From Madeline Boland – see the full question and members’ responses at: Any Answers
Andrew Smith, Employee Benefits Consultant, Towry Law
Be aware that after ‘selling’ holiday employees should still have 20 days holiday which can include bank holidays. However it is definitely, from my experience, seen as a benefit to staff especially if incorporated into flexible benefits.
Not only can a flexible benefits platform be used to administer the buying and selling of holidays but a ‘sell’ of day(s) holiday could then be used towards the purchase of some other benefit such as lifecover, critical illness, dental cover, gym membership (to name but a few) for both the employee and their family.
Alison Wallace, head of employment practice at Steptoe & Johnson
With the changed emphasis on quality of working life and the affordability of holidays, several short breaks throughout the year are much more prevalent than two week summer vacations.
You should bear in mind however time off for holidays is a health and safety issue and an employee’s holiday entitlement should never fall below the statutory minimum days although it is more likely that employees will want to buy additional holiday. You will have to bear in mind adequate cover during high season with staff, particularly for those with children who may be using additional holiday to cover childcare.
Consideration should also be taken about untaken leave which is carried over into another year.
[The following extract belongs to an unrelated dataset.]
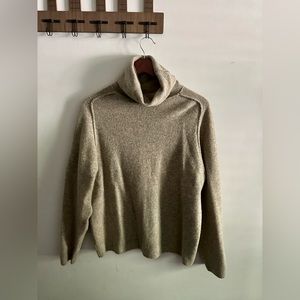 Uniqlo U premium lambswool turtleneck sweater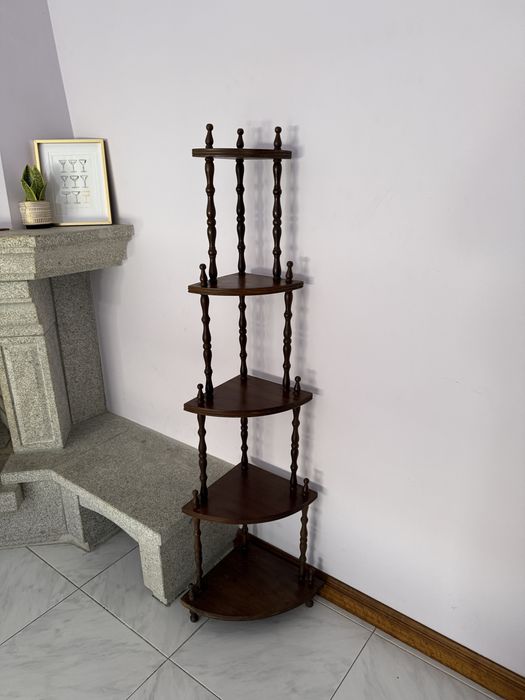 Estante de canto em madeira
The Working Time Regulations do not entitle a worker to carry over leave but this is frequently provided for in a contract at least as far as the contractual entitlement is concerned or pay in lieu. Do be careful too of holiday leave taken during the course of a year of termination.
A worker may have taken more leave than their entitlement on termination because holiday leave is pro rata. This should apply to the additional days bought. There should therefore be a relevant agreement in place that if excess holiday is taken your employees will compensate you whether by repayment or undertaking additional work. Any policy must also be available to part-time workers, those going on and returning from maternity leave and those who require to work flexibly.
HRZone highly recommends that any answers are taken as a starting point for guidance only.